I have this one clicky and LOVE it!! It was the smallest one that home depot had when I went (besides the bucket mounted one). Hay gets stuck in the hose every so often, but I have a solution for that. Put the hose on the side that is a blower and turn the vac on. It unclogs itself in under 5 seconds. It has a decent lenght cord. I use it as a regular vacume because my hair will clog ANY regular vac in under 20 minutes.
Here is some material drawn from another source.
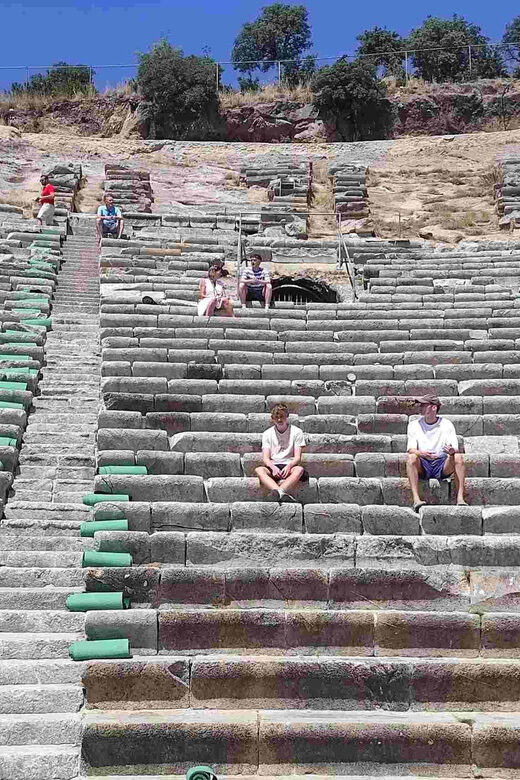 Bodrum boat trip starting from Gümbet beach - Additional Insights from Reviews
I do not have the hard plastic things that Jennifer is talking about though.


----------



## Imbrium (Jan 9, 2013)

I actually have that one as well (was looking for something smaller for the bunny area) and really don't like it. the hose is so narrow that hay gets stuck in it easily if I suck up medium-sized pieces. the RIDGID one I recommended is the same price but has a significantly wider hose and *twice* the horsepower (I have no earthly idea why the heck I didn't buy that one, it might've been out of stock when I got the little one - silly me, I didn't look at all the options online first).


----------



## ldoerr (Jan 10, 2013)

I like it. When hay get stuck at the opening I just pull it off and set the hay asside. I empty it every few weeks. If it gets cloged put it on the blow side and that will clear up the clog in no time. I actually just order some parts for it (hose extensions so that I can use it to vacume my floors without being on hands and knees).


----------



## rosey442 (Jan 16, 2013)

I only have one bunny and her cage is in my living room. But, my how that hay gets tracked everywhere! lol
I have a small 1.5 gal. wet/dry shop vac that I got from Wal-Mart online. It was cheap, $20, and does the job. Plus it can be hung up on the wall for storage.
Just another idea for you. :happybunny:


----------